From the line containing "3W BIO WHEY" down to the final line of the entries below, return each line exactly and drop the pictures.

------ Dataset records

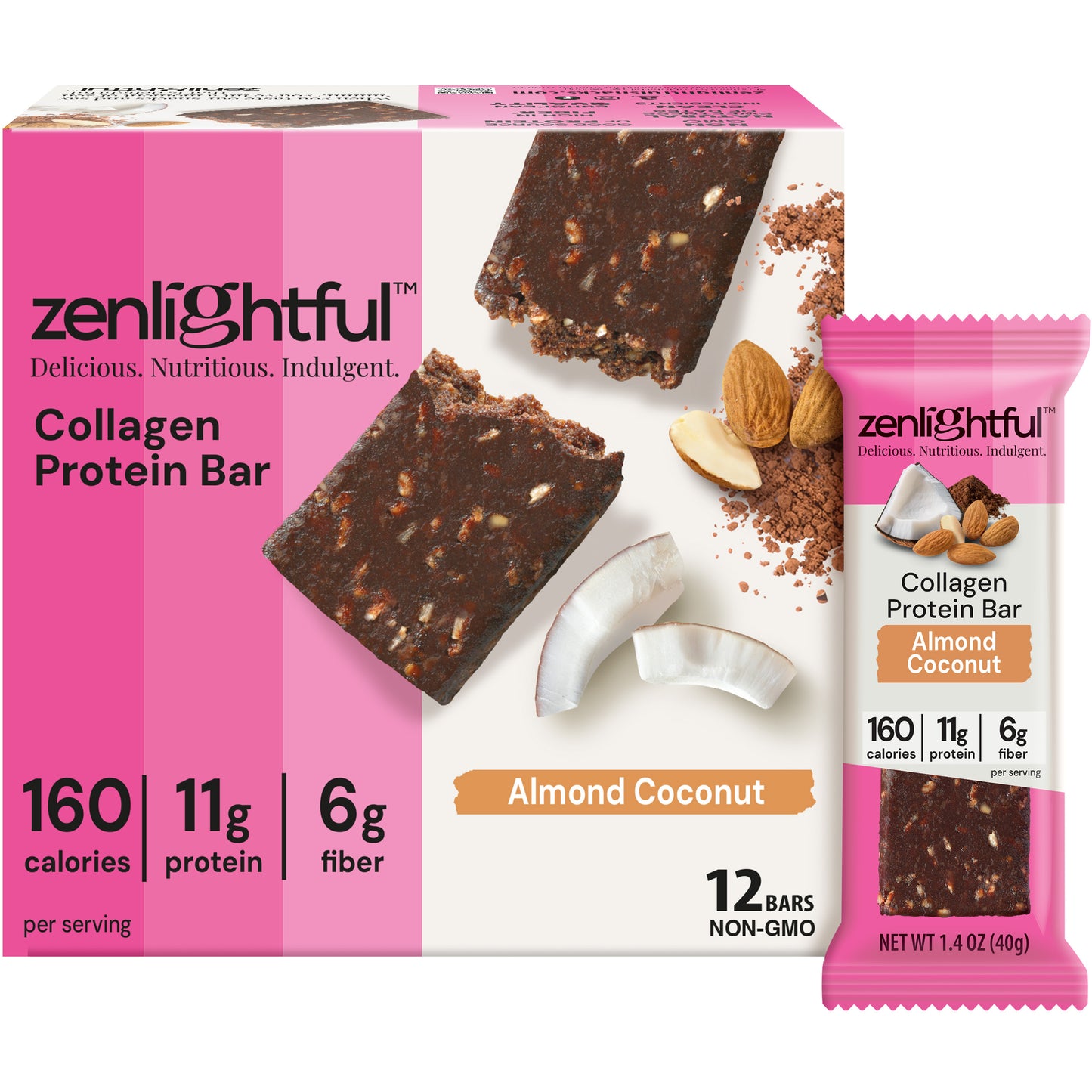 Almond Coconut Collagen Protein Bars - Zenlightful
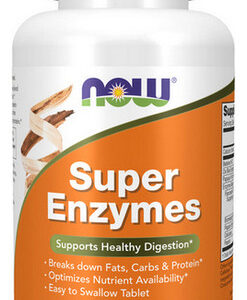 Super Enzymes 90 Comprimidos Da Now Foods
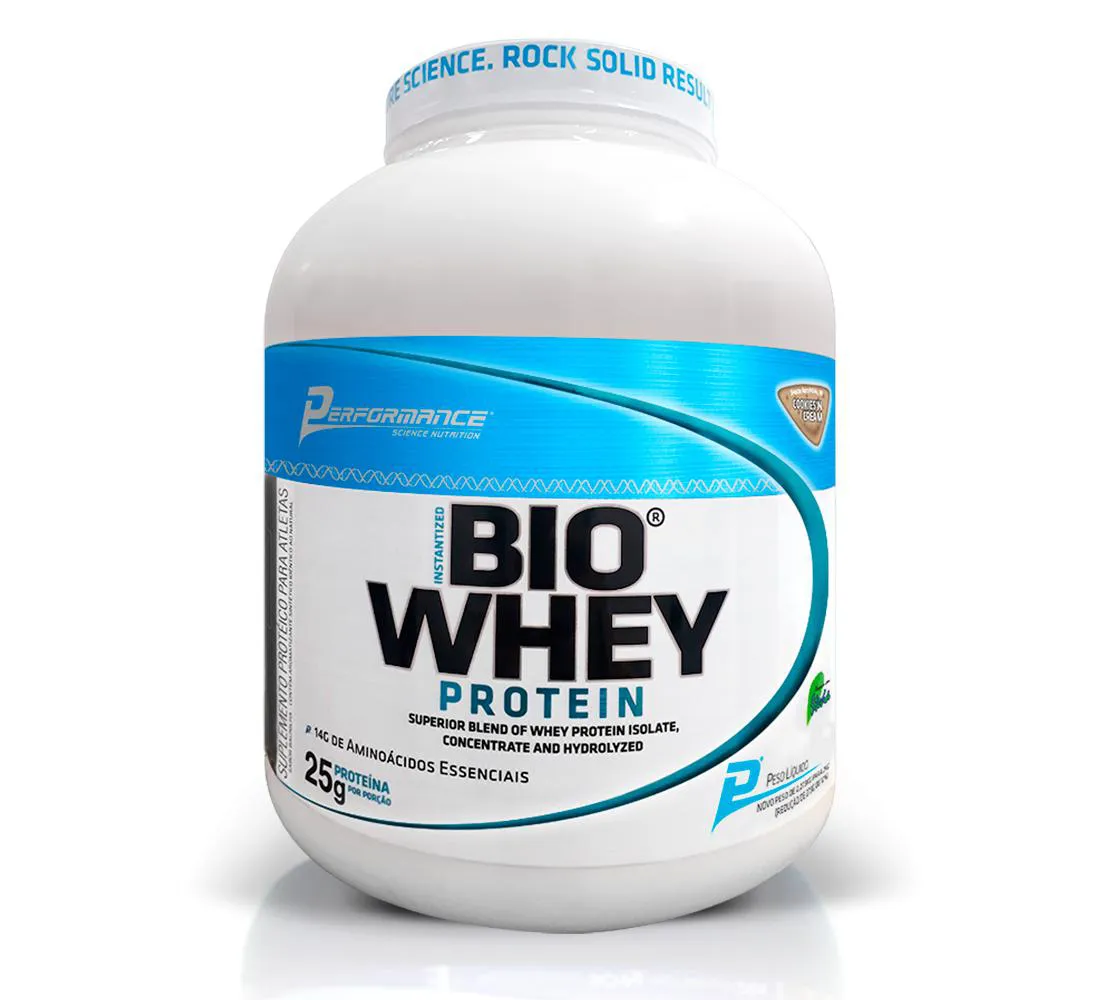 3W BIO WHEY PROTEIN 909G - PERFORMANCE NUTRITION Baunilha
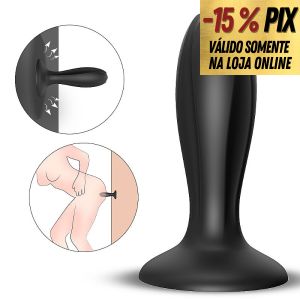 GENE - PLUG ANAL EM SILICONE COM VENTOSA E TEXTURA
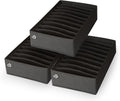 Drawer Organizer Clothes - 3 Set Multipurpose Dresser Drawer Organizer for Adults & Kids, Closet Foldable 10 Cells per Organizer - Non-Woven Fabric, T-Shirts, Baby Clothes, Shorts Organizer - Black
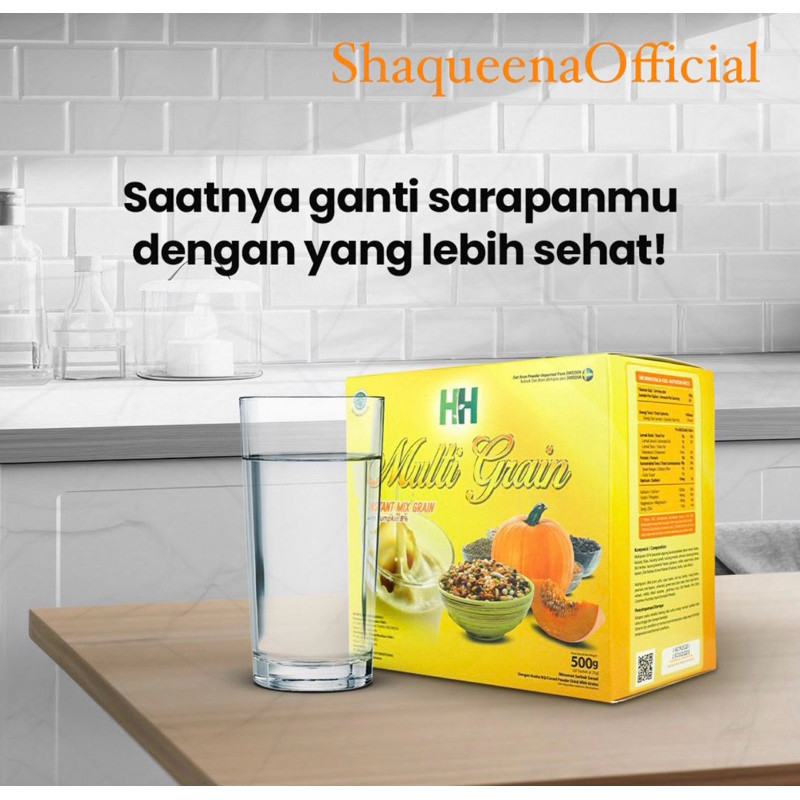 

HH MULTIGRAIN HWI 100% ORIGINAL | HHMG | MINUMAN SEREAL RENDAH LEMAK BERPROTEIN TINGGI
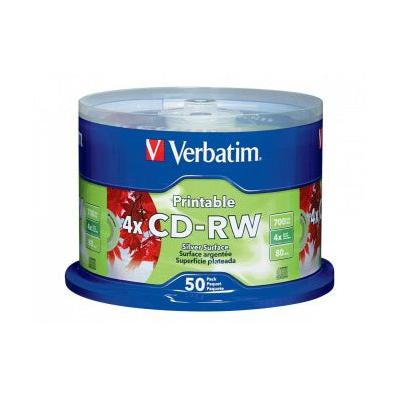 Verbatim Discos Virgenes para CD, CD-RW, 4x, 50 Discos (95159)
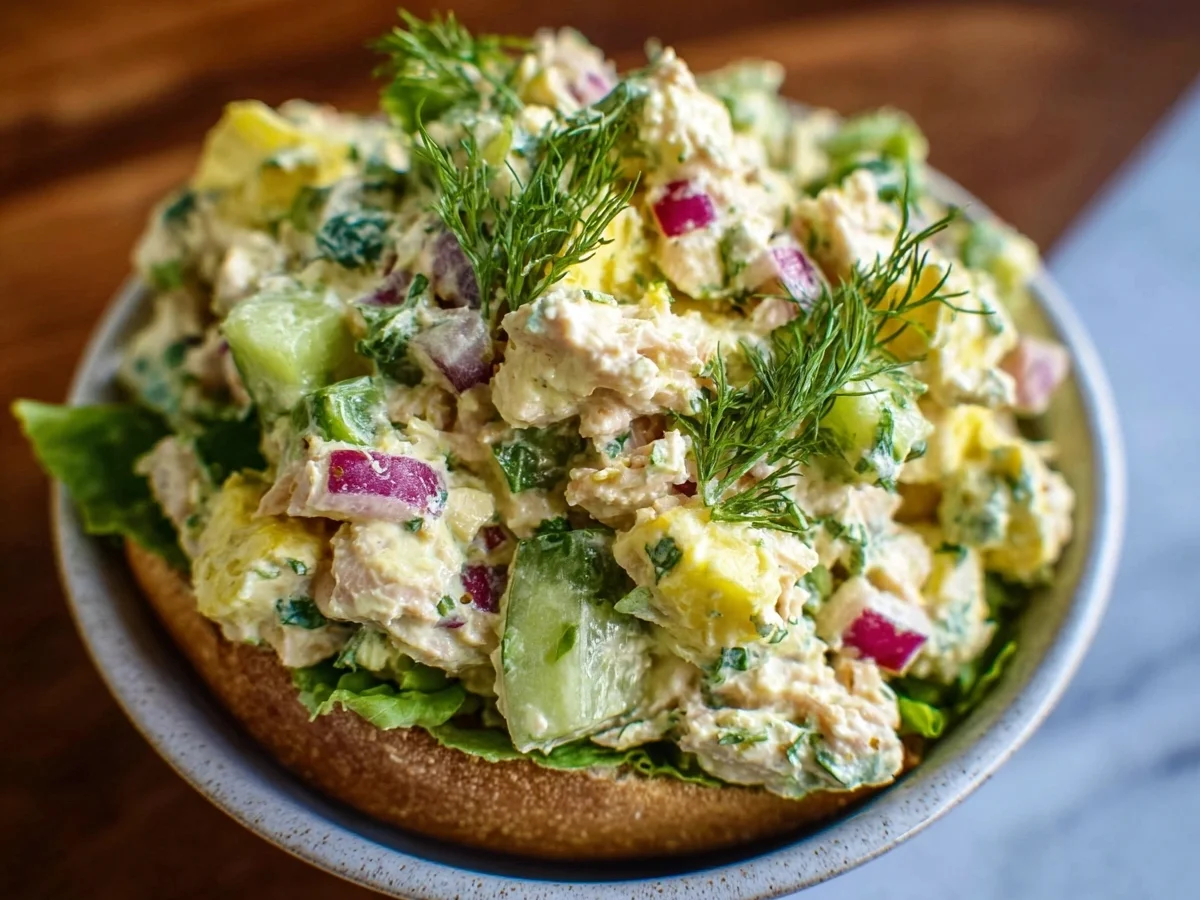 Quick High Protein No-Mayo Tuna Salad (Meal Prep Ready) - Image 2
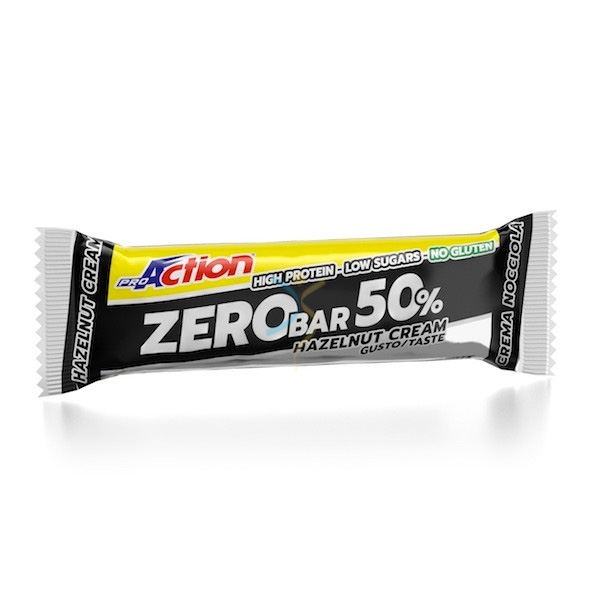 ProAction Linea Sportivi High Protein Zero Bar Integratore Barretta Nocciole 60g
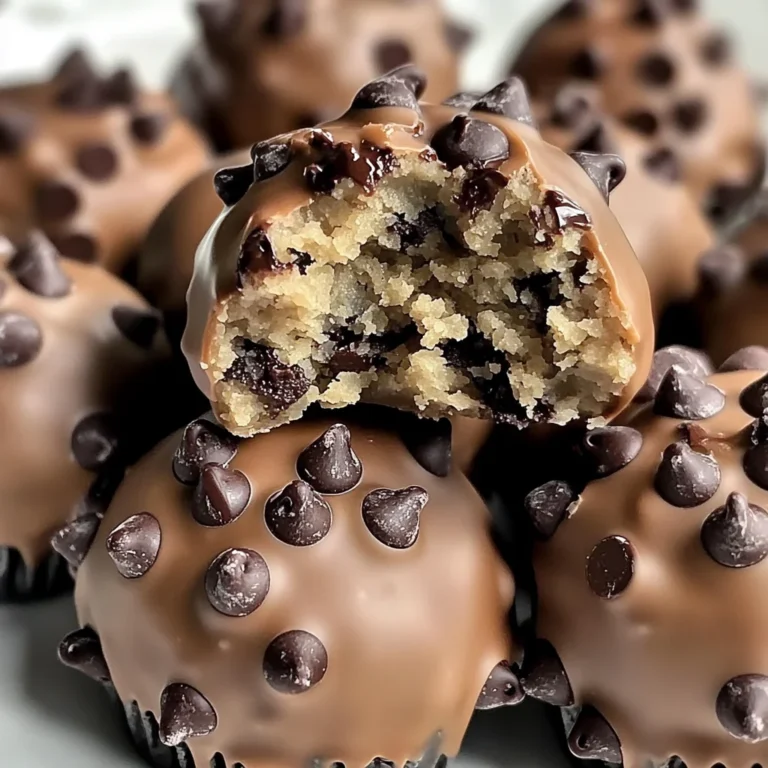Chocolate Chip Cookie Dough Protein Balls!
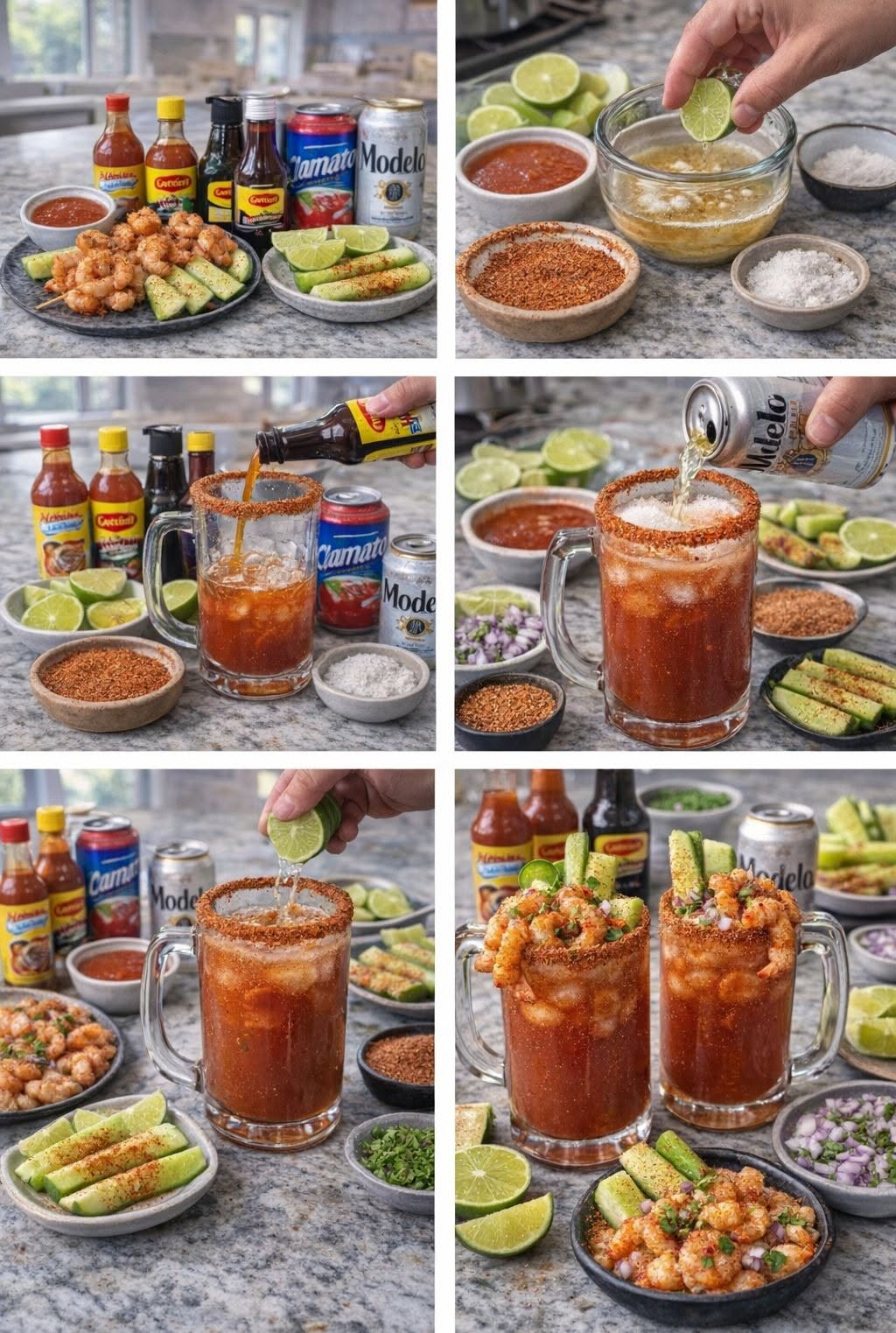 🔥 MICHELADA CON CAMARÓN ESTILO SINALOA (nivel viral 🤤🍺🍤) 🔥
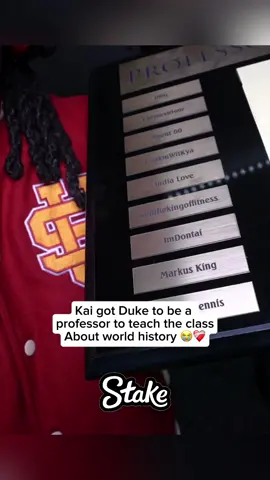 Kai got Duke to be a  professor to teach the class About world history 😭❤️‍🩹#fyp #kaicenat #viral #dukedennis 
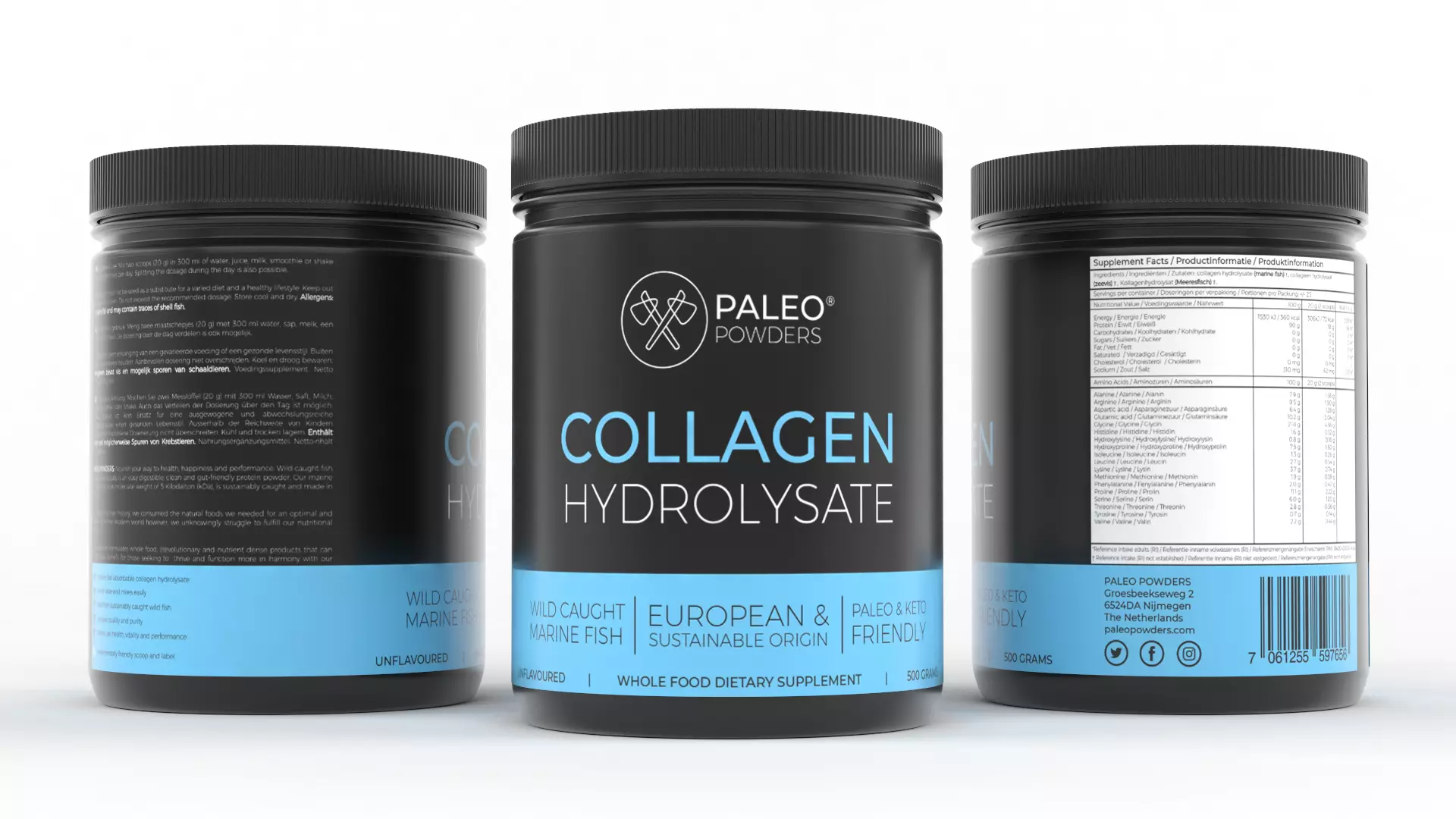 Protein Powder 3D model_0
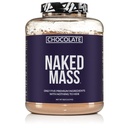 NAKED Chocolate Mass Gainer - All Natural Weight Gainer Protein Powder - 8lb Bulk, GMO Gratis, Gluten Gratis &amp; Soy Gratis. No Artificial Ingredients - 1,360 Calories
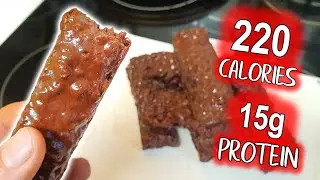 NO BAKE Chocolate Poppin' Protein Bars | 220 Calories & 15g Protein (Per Bar)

------------

**Finished task**
 3W BIO WHEY PROTEIN 909G - PERFORMANCE NUTRITION Baunilha
 GENE - PLUG ANAL EM SILICONE COM VENTOSA E TEXTURA
 Drawer Organizer Clothes - 3 Set Multipurpose Dresser Drawer Organizer for Adults & Kids, Closet Foldable 10 Cells per Organizer - Non-Woven Fabric, T-Shirts, Baby Clothes, Shorts Organizer - Black

HH MULTIGRAIN HWI 100% ORIGINAL | HHMG | MINUMAN SEREAL RENDAH LEMAK BERPROTEIN TINGGI
 Verbatim Discos Virgenes para CD, CD-RW, 4x, 50 Discos (95159)
 Quick High Protein No-Mayo Tuna Salad (Meal Prep Ready) - Image 2
 ProAction Linea Sportivi High Protein Zero Bar Integratore Barretta Nocciole 60g
Chocolate Chip Cookie Dough Protein Balls!
 🔥 MICHELADA CON CAMARÓN ESTILO SINALOA (nivel viral 🤤🍺🍤) 🔥
 Kai got Duke to be a  professor to teach the class About world history 😭❤️‍🩹#fyp #kaicenat #viral #dukedennis 
 Protein Powder 3D model_0
 NAKED Chocolate Mass Gainer - All Natural Weight Gainer Protein Powder - 8lb Bulk, GMO Gratis, Gluten Gratis &amp; Soy Gratis. No Artificial Ingredients - 1,360 Calories
 NO BAKE Chocolate Poppin' Protein Bars | 220 Calories & 15g Protein (Per Bar)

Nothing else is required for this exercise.